Pakinstani Army officials report today that a retaliation against Taliban forces on the border of Afganistan was successful following a school attack earlier this week by the terrorist group.
The Army air and ground attacks are reported to have killed 77 Taliban militants, including a group of 32 active fighters. The ambush happened in the Khyber tribal region's Tirah Valley where Pakistan has conducted several military operations last June.
The attack was in retaliation for a massacre that happened on Tuesday involving 148 people, 130 of which were children at a military school in Peshwar. When the Taliban claimed responsibility for the massacre, stating that it was the group's own revenge for an earlier attack on Taliban children, the Pakistani people called for the government to step in and fight back. This attack was in repsonse to that outcry, as was Pakistan's reinstatement of the death penalty on Wednesday.

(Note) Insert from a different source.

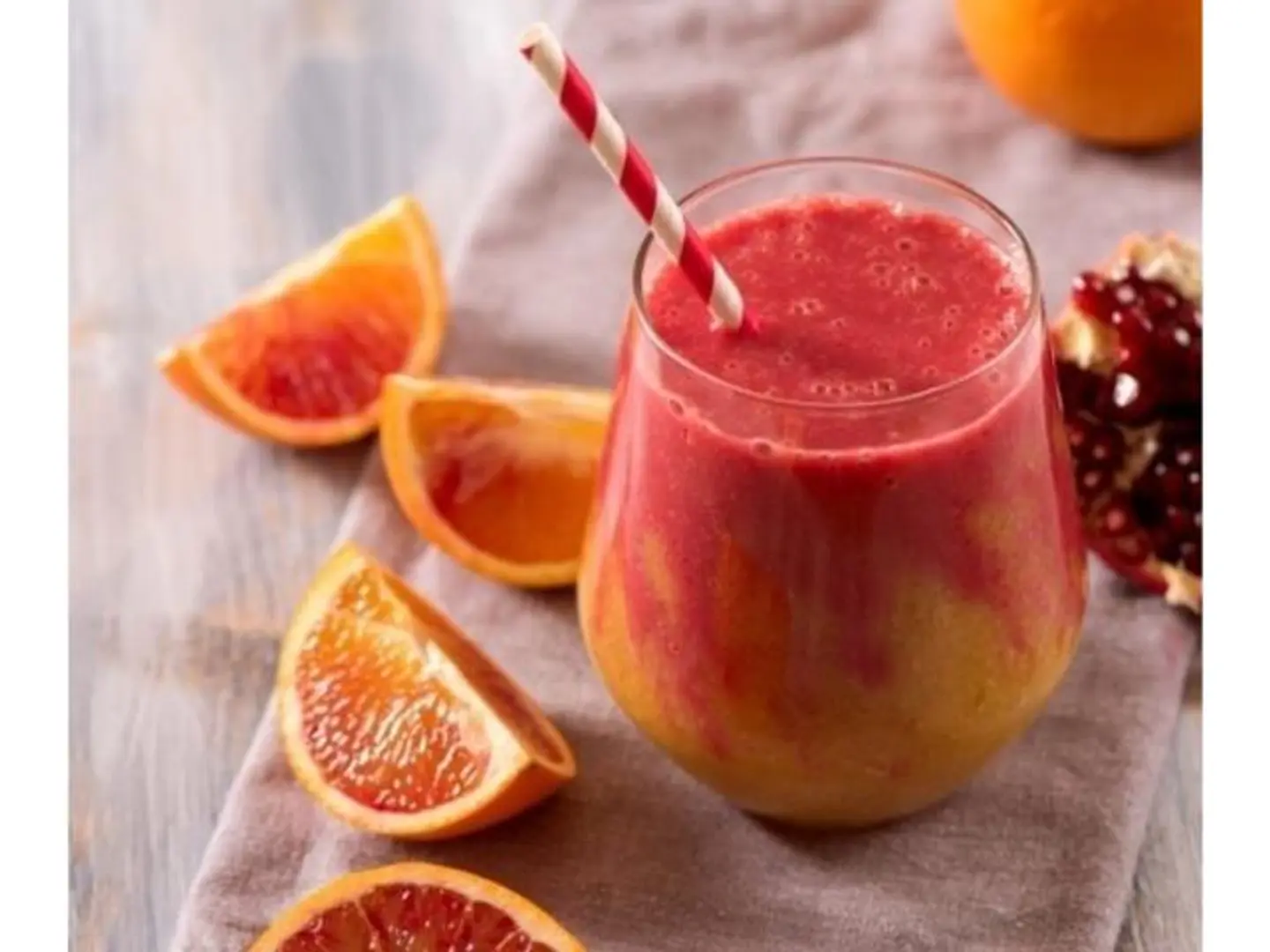 Pomegranate And Orange - Medium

But the perception of the Taliban forces in Pakistan is mixed as some believe that there are "bad Taliban" and "good Taliban." Bad Taliban are the ones seen as responsible for the school massacre, doing so to fight what they see as Pakistan's growing relationship with the West. But the good Taliban are seen as members of a group that is sympathetic to Pakistan's interests in taking control over Afghanistan, including those who are strongly anti-Indian.
When the Pakistani people wanted revenge brought only to the bad Taliban, Pakistan's Prime Minister Nawaz Sharif made a clarification, stating that "there is no difference between good Taliban and bad Taliban," and military actions in the area will work toward cleaning up "this region of terrorism."
As the L.A. Times reports, these perceived good Taliban have been working as Pakistan's security of sorts, and the real problem comes as the country continues to affiliate itself with militant Islamic groups who are increasingly secular and splintered.
Case in point comes on Thursday when the country's anti-terrorism court paid the bail to release Zaki-ur-Rehman Lakhvi, the suspected mastermind of the 2008 terrorist attacks in Mumbai, India.
"There's reason to be skeptical of Sharif's statements because he's not the man in charge," said Raza Rumi, a Pakistan expert and senior fellow at the U.S. Institute of Peace in Washington.
The Christian Science Monitor's Taha Siddiqui wrote this week about the Taliban attack and how it may soon be forgotten to focus efforts against the United States.
"Yet even after one of the most horrific slaughters of the innocent in Pakistani history, it is questionable whether the public is ready to entirely abandon its support of militancy - or a deeply populist view that the basic cause of the attacks stem from US and Western interference.
"The Pakistani Taliban, which quickly claimed responsibility for the attack, have long presented themselves as sympathetic and devout fighters subject to US drone attacks and unscrupulous Pakistani officials.
"Several analysts say the incident will likely soon be forgotten, noting popular influences in the media that include conservative Islamists arguing that the real issue is Pakistan's alliance with the West in what they depict as a fight against Islam."